Diffusion model without any other data except what I train myself?

I am trying to learn all the basics of the models and how they behave. For this I would like to create my own “base model” what would be useful for me just for the learning. Shortly I would like to create a model what works with Stable Diffusion and what is trained with very small amount of images of same subject I feed to the model.

I followed this tutorial Train a diffusion model here and I was able to generate small model on my local machine (with RTX 2060, 6 GB RAM, used 5 image patch). After converting it to safetensors I was able to load it to Stable Diffusion so it went fine on that part.

Still, when I wrote “monkey” or " duck" I still got pictures of Duck and Monkey, so this model was not “empty” in that sense that it still got some other items from some other repository.

So the question is, how I am able to train a model what have no ANY kind of knowledge about any other images except about those what I have explicitly selected as a training data?
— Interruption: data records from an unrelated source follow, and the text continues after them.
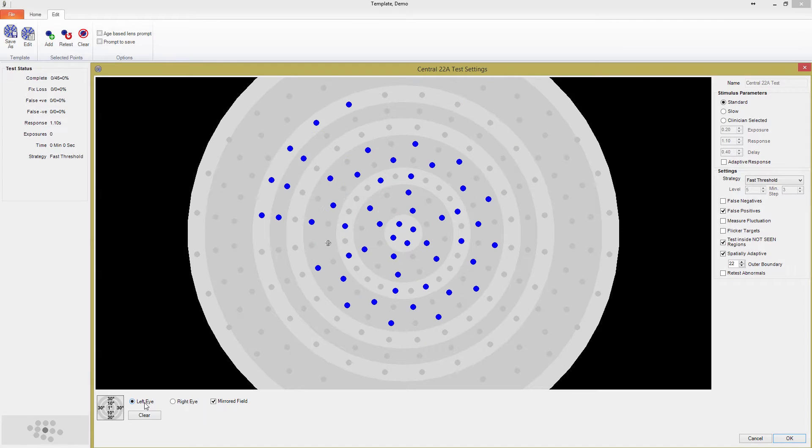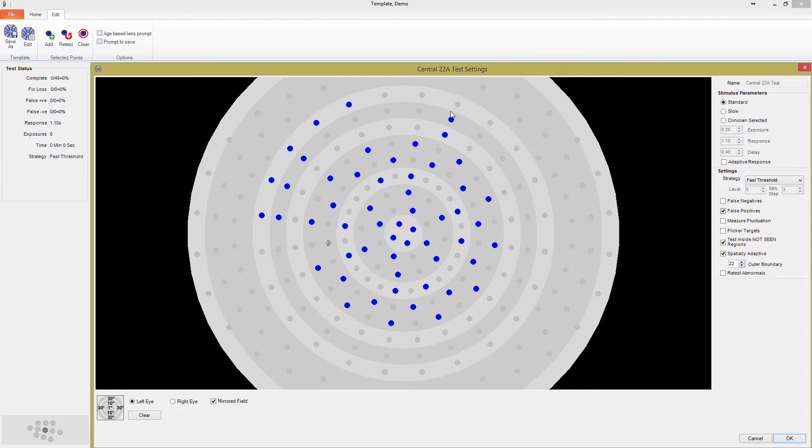As you've likely noticed, to add a point, you simply press on a grey stimulus location. You can either click on points individually, or hold down the mouse as you move over the stimulus locations. Pressing on points that are blue will remove them.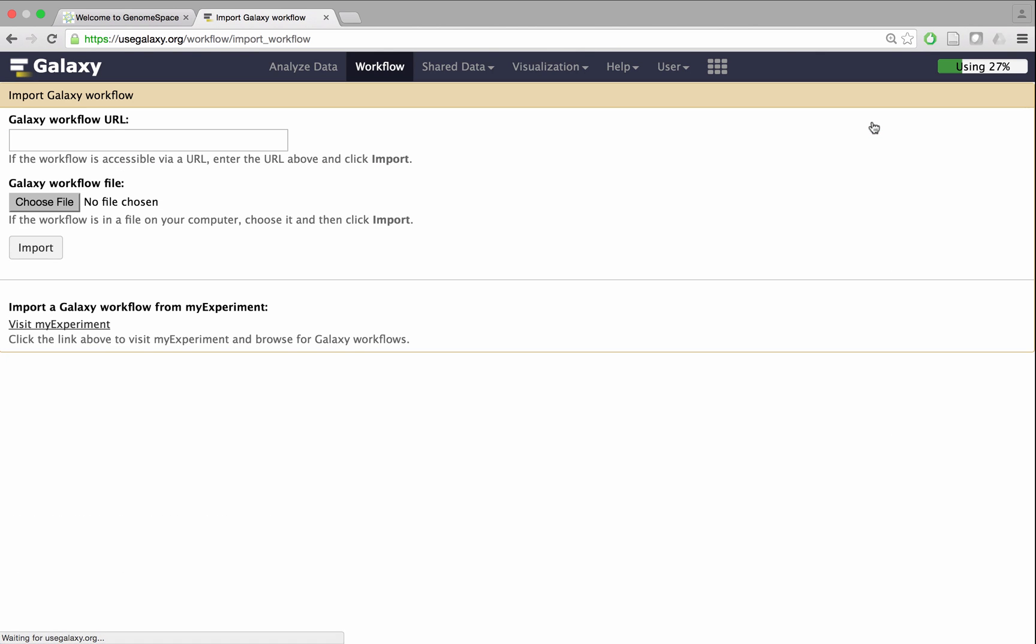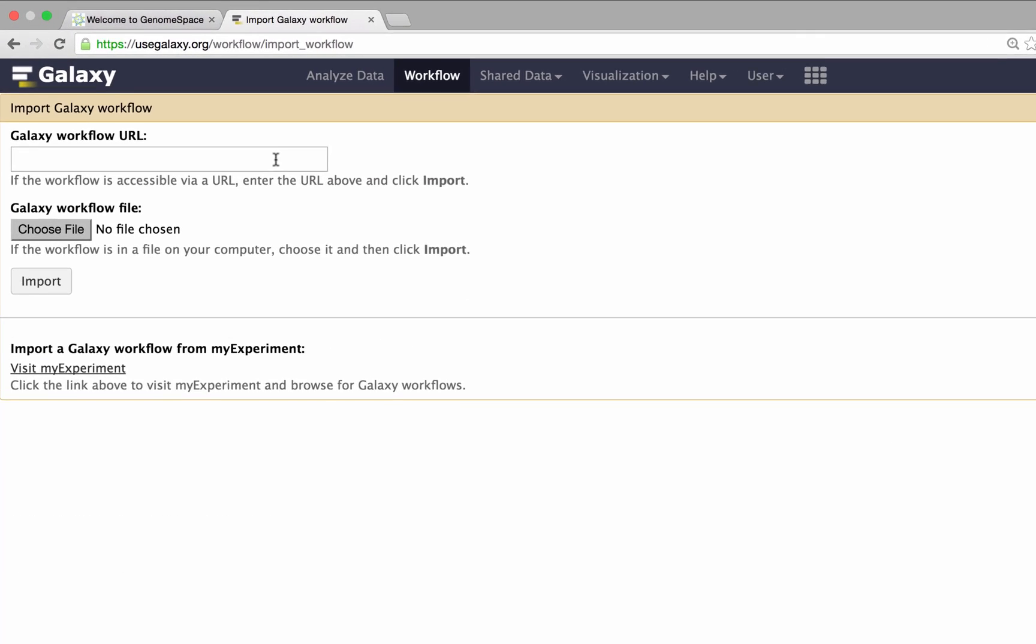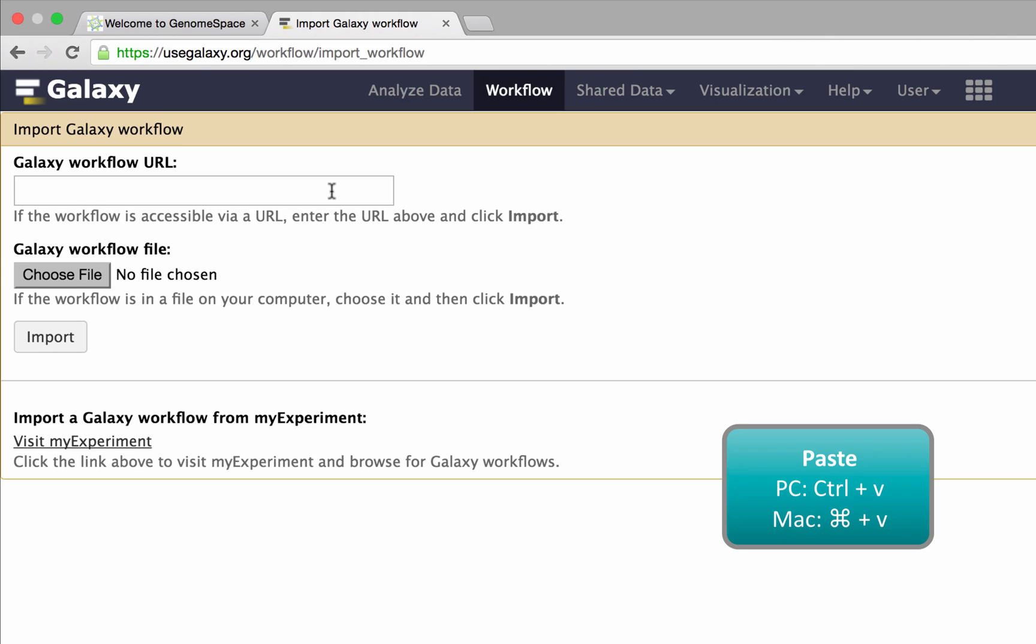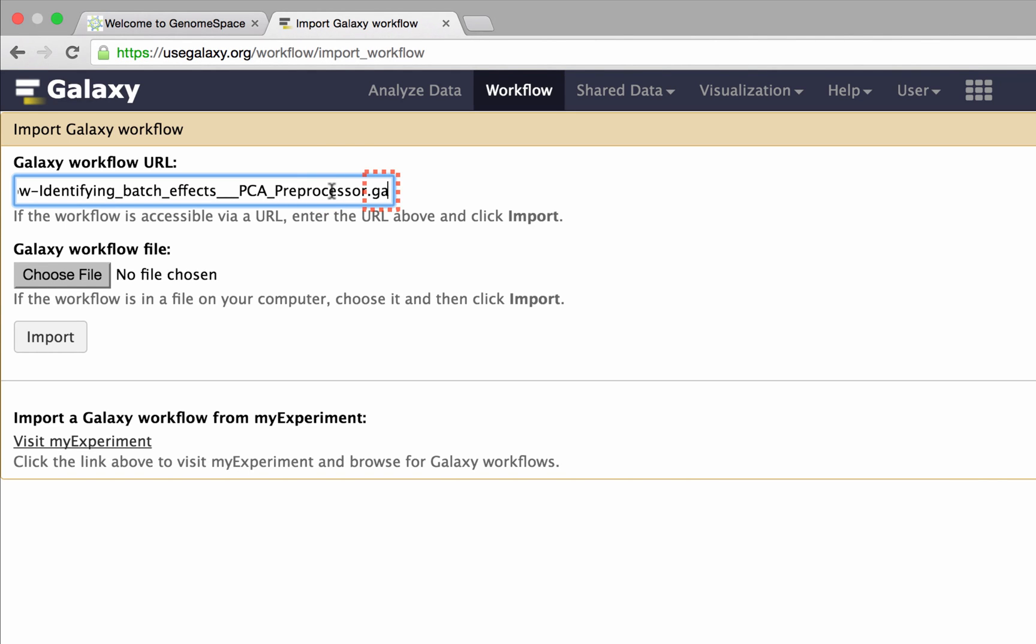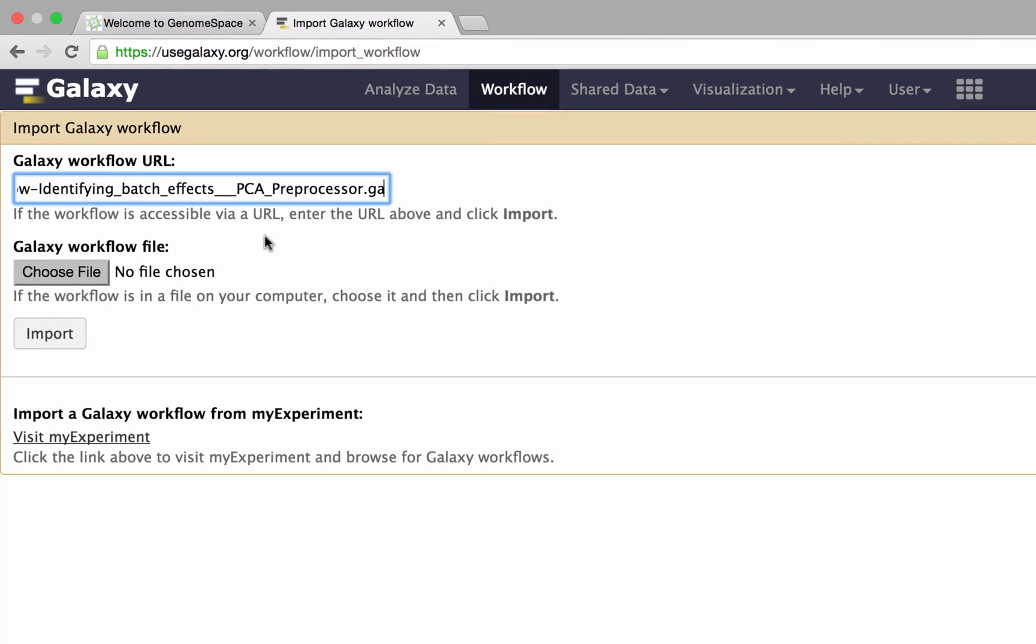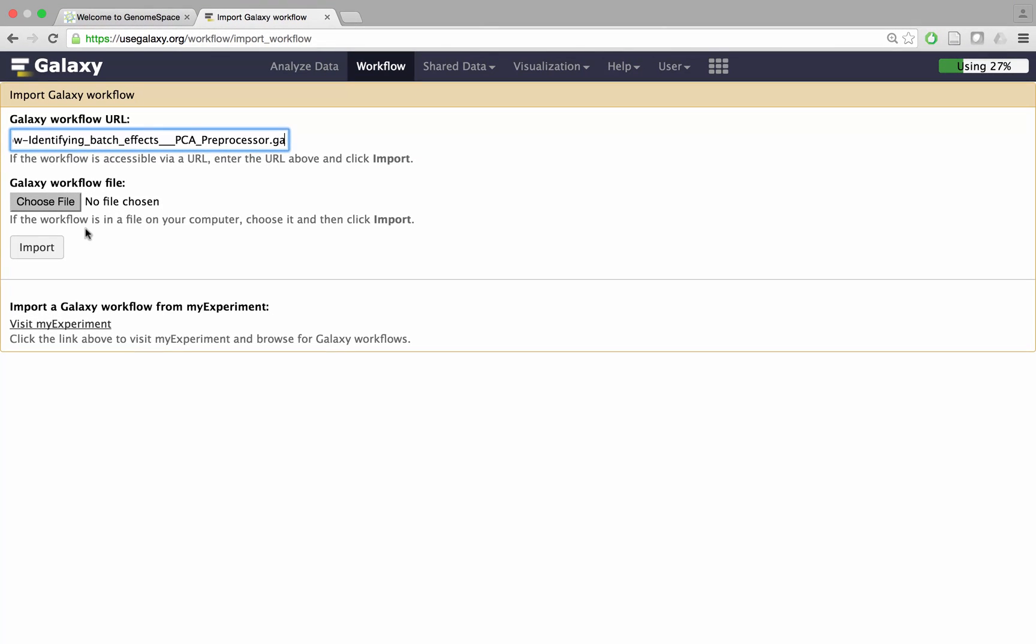Under the Galaxy workflow URL field, press Ctrl-V to paste in the URL. Notice that all Galaxy workflow files have the same extension .ga. Click Import to import the desired workflow.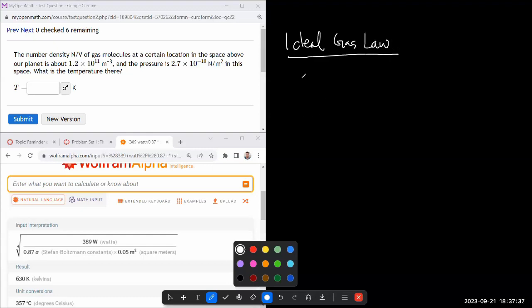You might have seen this form: pressure times volume equals lowercase n times R times T. In fact, I think your textbook still uses that form. The form that I prefer is not this, but rather...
I know that it makes no sense in real life use and I understand that it have no any realistic usage at all in real life, but this is just for me so I can understand what will happen and how Stable Diffusion behave if I have a model what was created using only 1 image, only 2 images, only 3 images and so on. You know, personal interest to get hands on approach how things work when I can use empty models where is no already data fed to it.

So if I want to train with 3 pictures of a cat and I want to use that model in Stable Diffusion and I want to be sure that there is no any other images where it can make its pictures, where should I start since that model training tutorial still gave me lots of other images I didn’t wanted for this testing purposes?